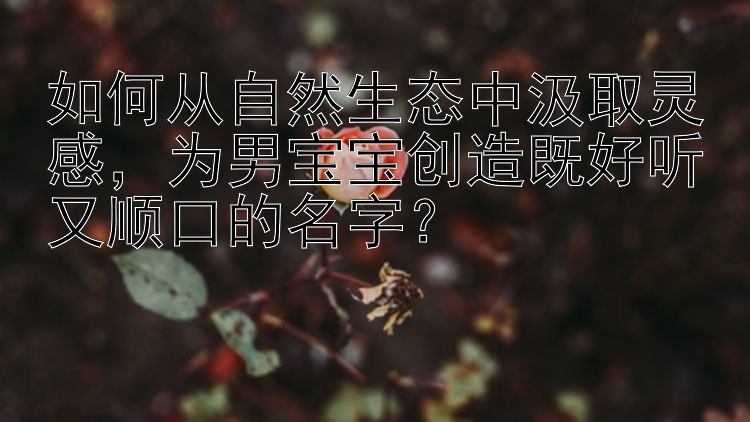 如何从自然生态中汲取灵感，为男宝宝创造既好听又顺口的名字？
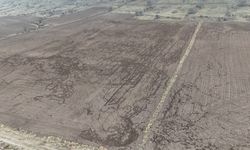 Karaman'da domuzlar arpa ve buğday ekili tarlalara zarar verdi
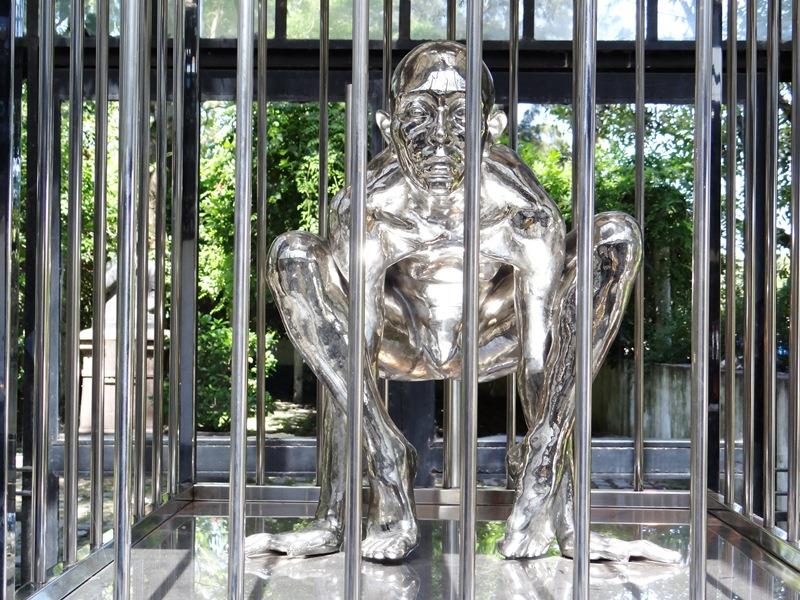 Contorsionista en jaula 01 DSC08287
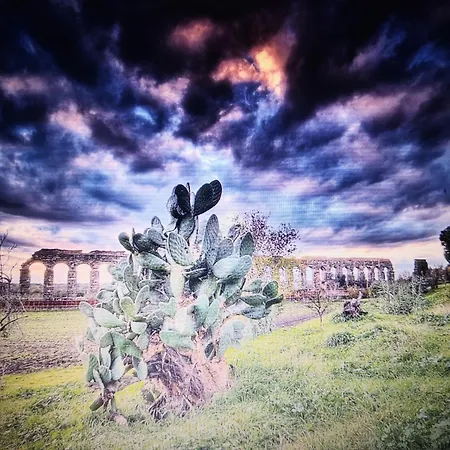 Dolce Luxury 4 Km Da Colosseo * Рим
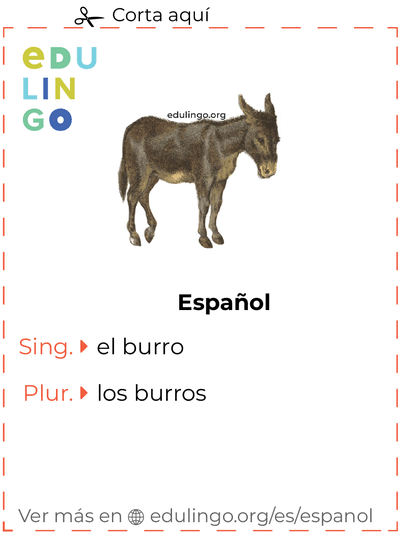 Ficha de Vocabulario Burro en español para imprimir, practicar y aprender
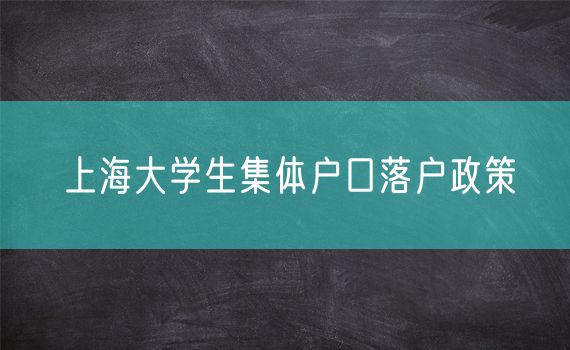 上海大学生集体户口落户政策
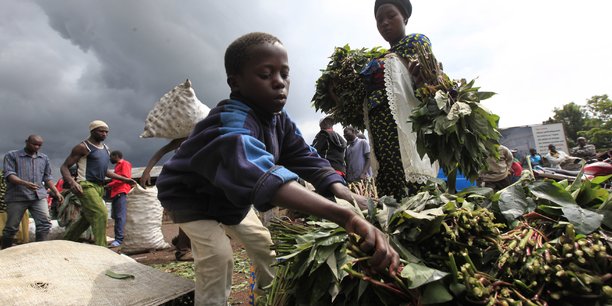 Comment la France imagine une possible implosion de l’Afrique face au Covid-19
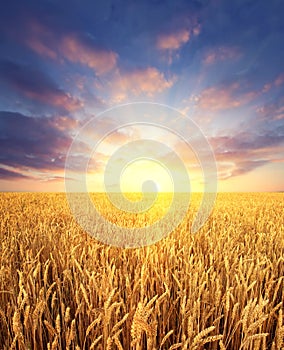 Wheat field and sunrise sky as background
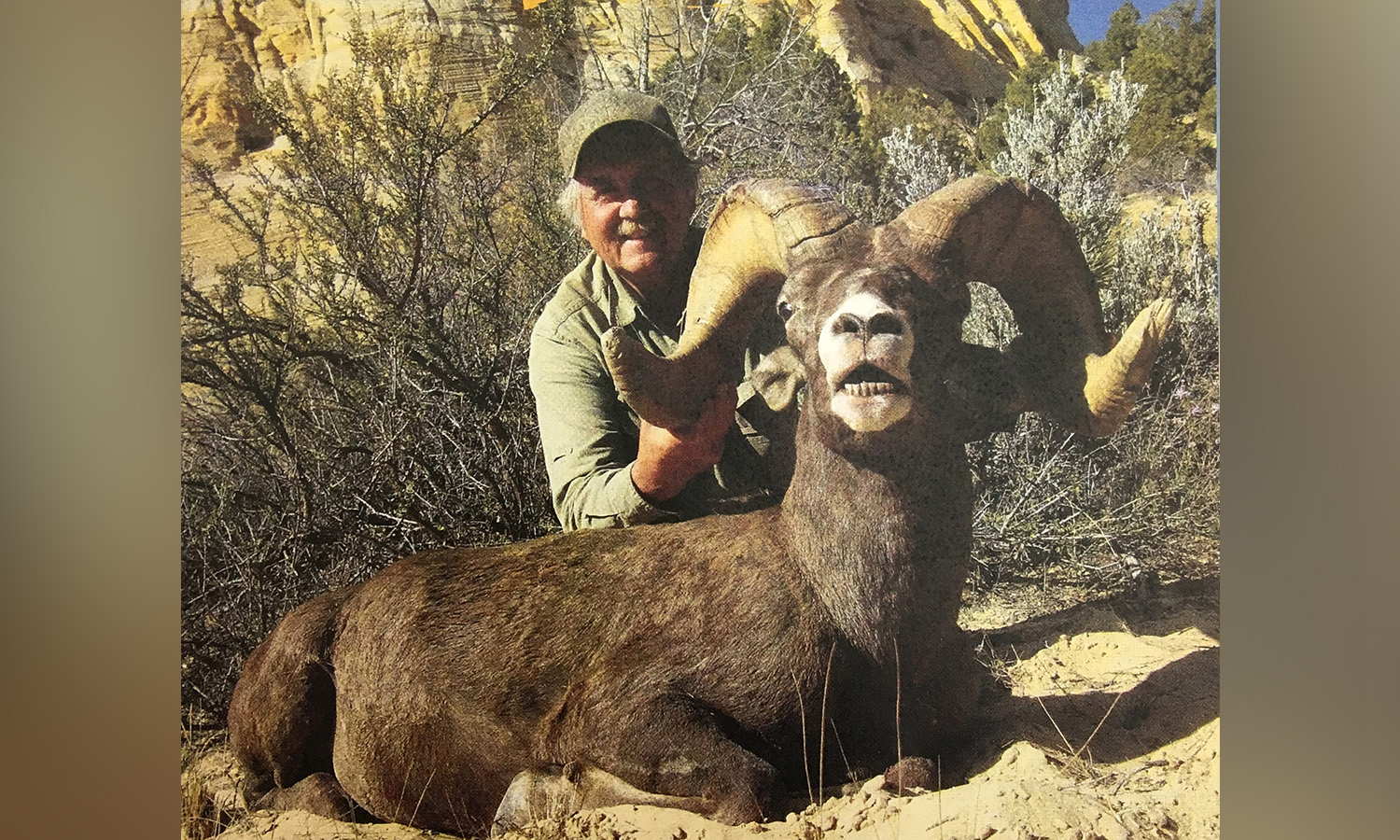 Arizona man loses hunting privilege for 10 years for illegally killing bighorn sheep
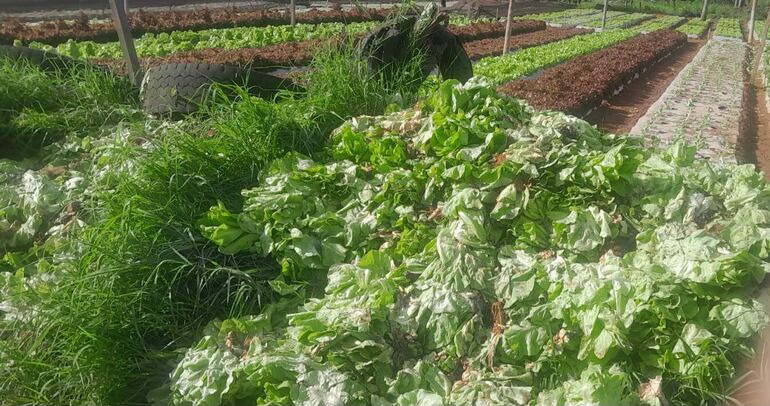 Pequeños productores denuncian total abandono de parte del Gobierno nacional.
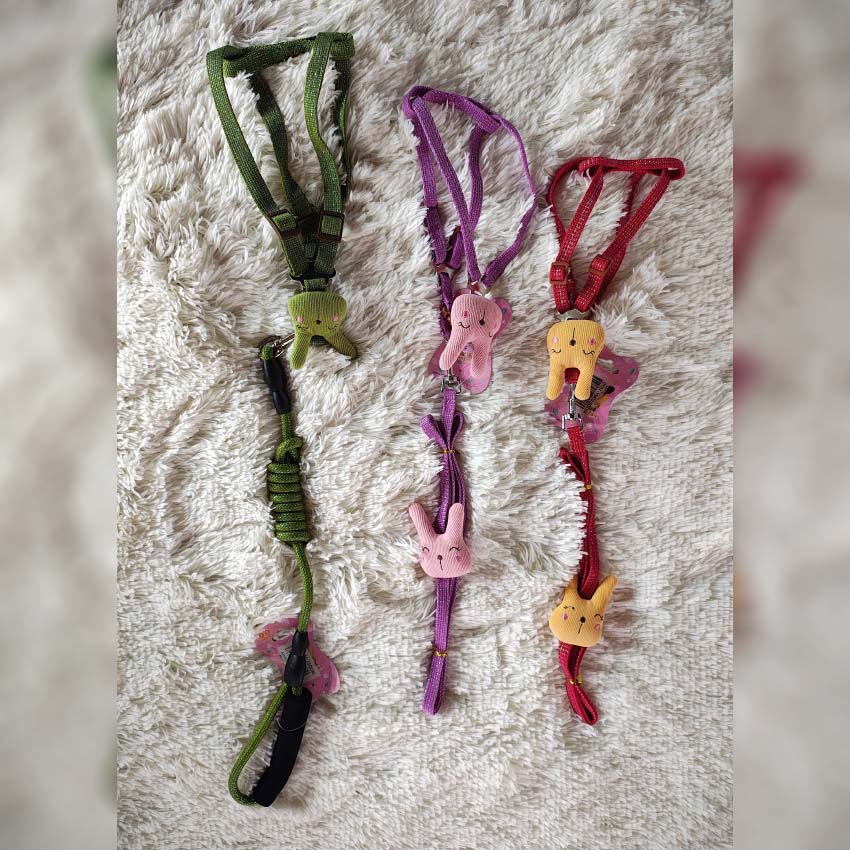 Pretales-para-perros-000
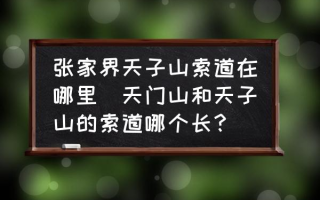 张家界天子山索道在哪里(天门山和天子山的索道哪个长？)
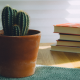 books with cactus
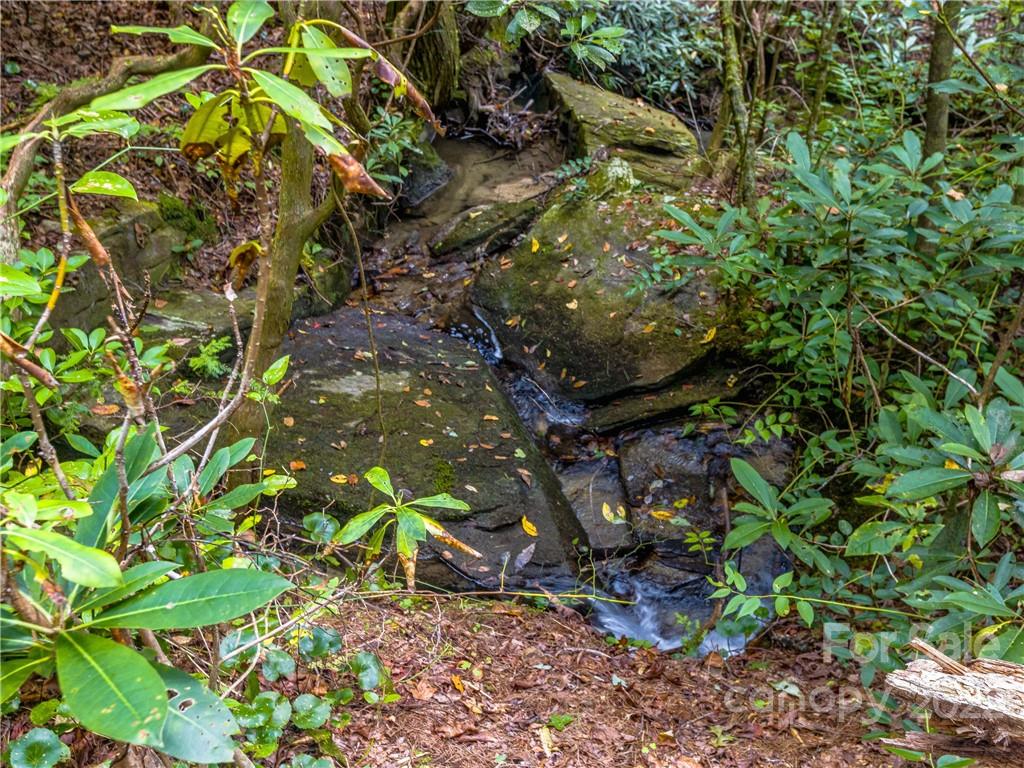 547 Round Mountain Road Brevard, NC 28712 - Photo 13 of 38 Gallery Image 13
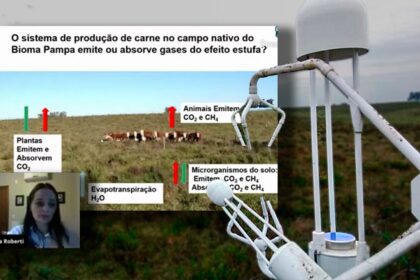 Pesquisa revela que o Pampa Gaúcho absorve gases do efeito estufa (GEE) e pode ser lucrativo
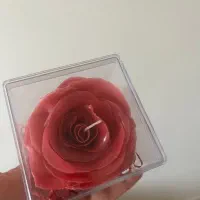 باکس شمع رز جاودان ولنتاین|صنایع دستی و سایر لوازم تزئینی|تهران, سردارجنگل|دیوار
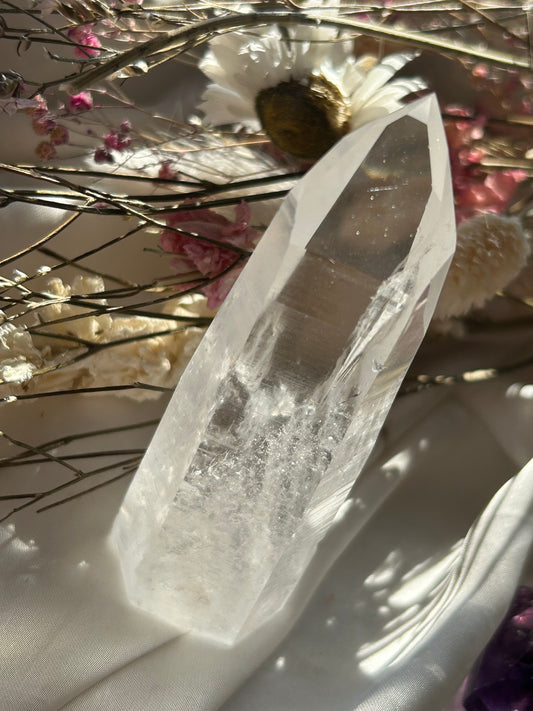 Semi Polished Lemurian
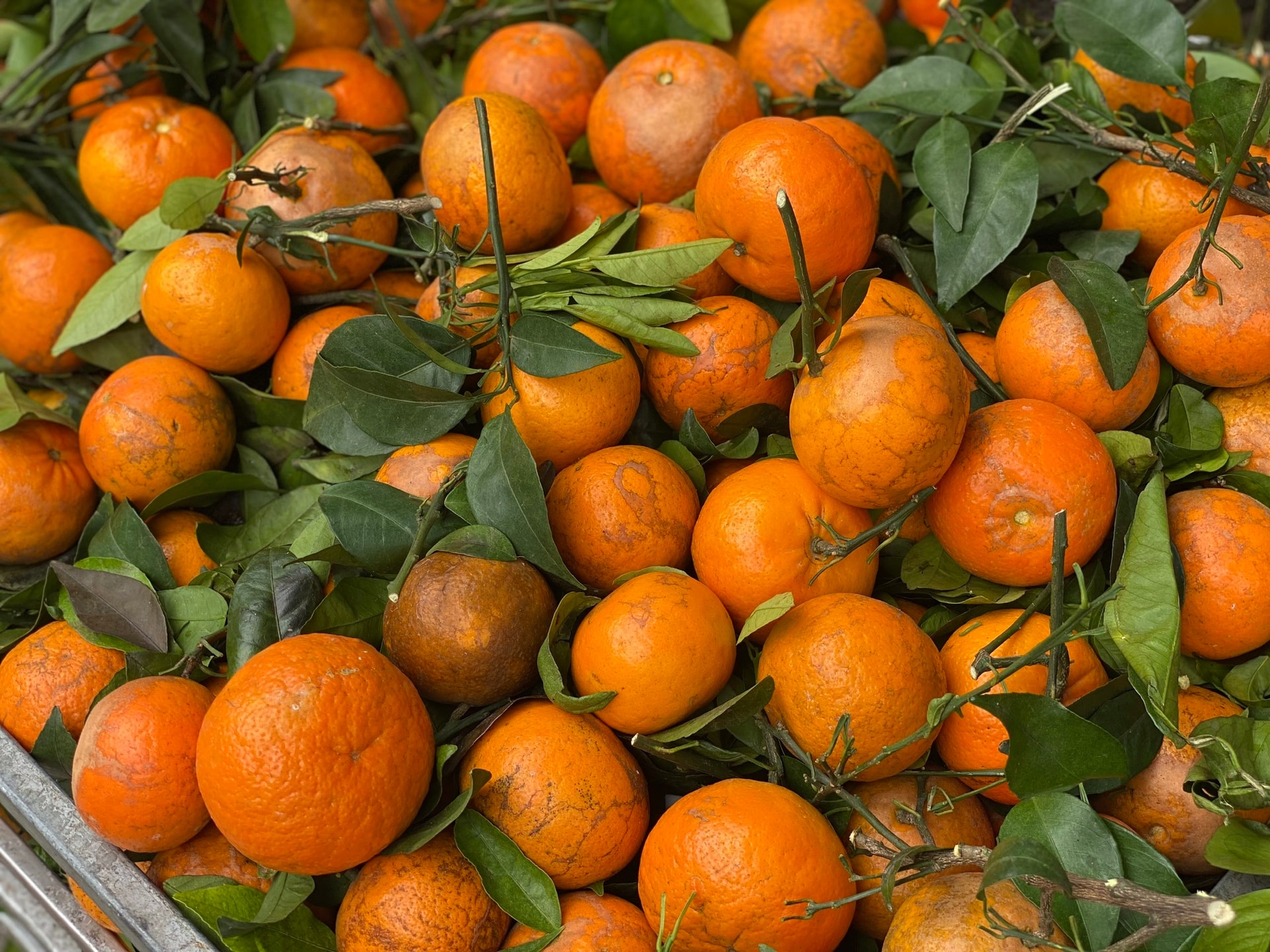 Quýt sim ‘xả’ đầy chợ, giá rẻ chỉ hơn chục nghìn đồng/kg dịp cận Tết Nguyên đán- Ảnh 2.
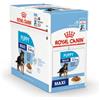 Royal Canin Maxi Puppy cibo umido per cane 4 scatole (40 x 140 g)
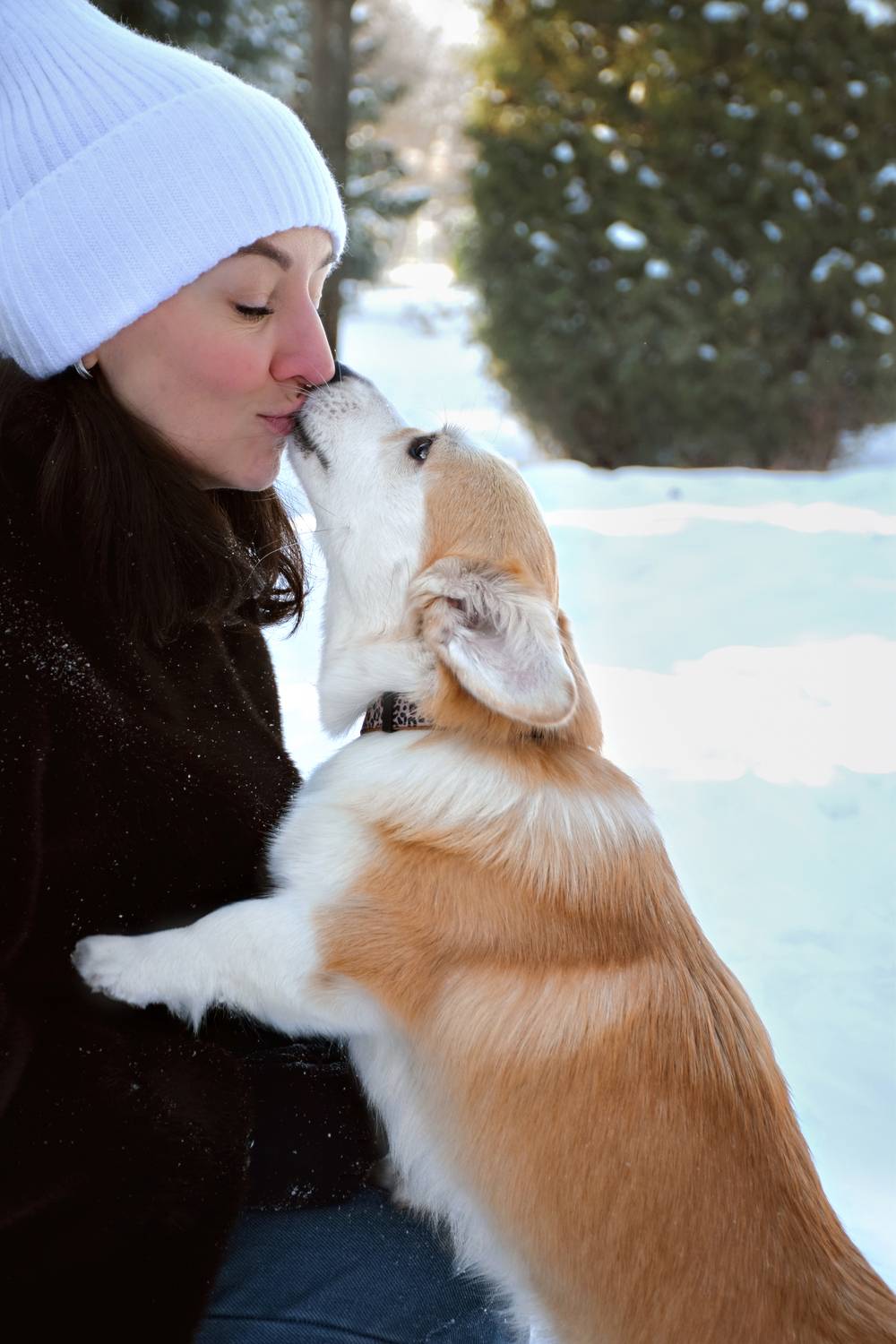 Фотография #13163947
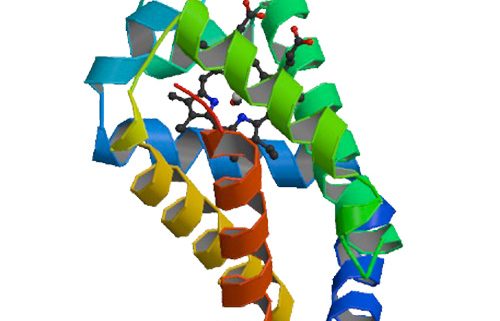 carbonmonoxy neuroglobin, heme-sliding mechanism, ligand affinity, Vallone, Nienhaus, Matthes, Brunori, neuroglobin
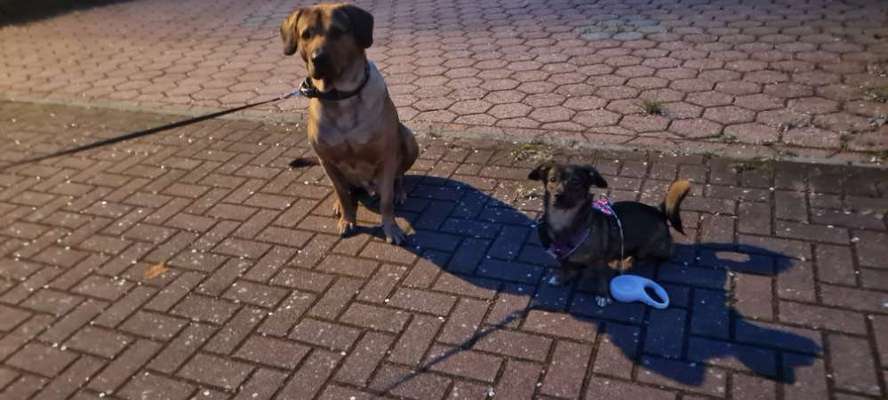 TierschutzhundeStammtisch🐕-Beitrag-Bild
********************
● **WHAT THE TASK ASKS**: Each entry should be repeated exactly as it appears; the pictures stay out.

● **WRITTEN ANSWER**:
 如何从自然生态中汲取灵感，为男宝宝创造既好听又顺口的名字？
 Karaman'da domuzlar arpa ve buğday ekili tarlalara zarar verdi
 Contorsionista en jaula 01 DSC08287
 Dolce Luxury 4 Km Da Colosseo * Рим
 Ficha de Vocabulario Burro en español para imprimir, practicar y aprender
 上海大学生集体户口落户政策
 Comment la France imagine une possible implosion de l’Afrique face au Covid-19
 Wheat field and sunrise sky as background
 Arizona man loses hunting privilege for 10 years for illegally killing bighorn sheep
 Pequeños productores denuncian total abandono de parte del Gobierno nacional.
 Pretales-para-perros-000
 张家界天子山索道在哪里(天门山和天子山的索道哪个长？)
 books with cactus
 547 Round Mountain Road Brevard, NC 28712 - Photo 13 of 38 Gallery Image 13
 Pesquisa revela que o Pampa Gaúcho absorve gases do efeito estufa (GEE) e pode ser lucrativo
 باکس شمع رز جاودان ولنتاین|صنایع دستی و سایر لوازم تزئینی|تهران, سردارجنگل|دیوار
 Semi Polished Lemurian
 Quýt sim ‘xả’ đầy chợ, giá rẻ chỉ hơn chục nghìn đồng/kg dịp cận Tết Nguyên đán- Ảnh 2.
 Royal Canin Maxi Puppy cibo umido per cane 4 scatole (40 x 140 g)
 Фотография #13163947
 carbonmonoxy neuroglobin, heme-sliding mechanism, ligand affinity, Vallone, Nienhaus, Matthes, Brunori, neuroglobin
 TierschutzhundeStammtisch🐕-Beitrag-Bild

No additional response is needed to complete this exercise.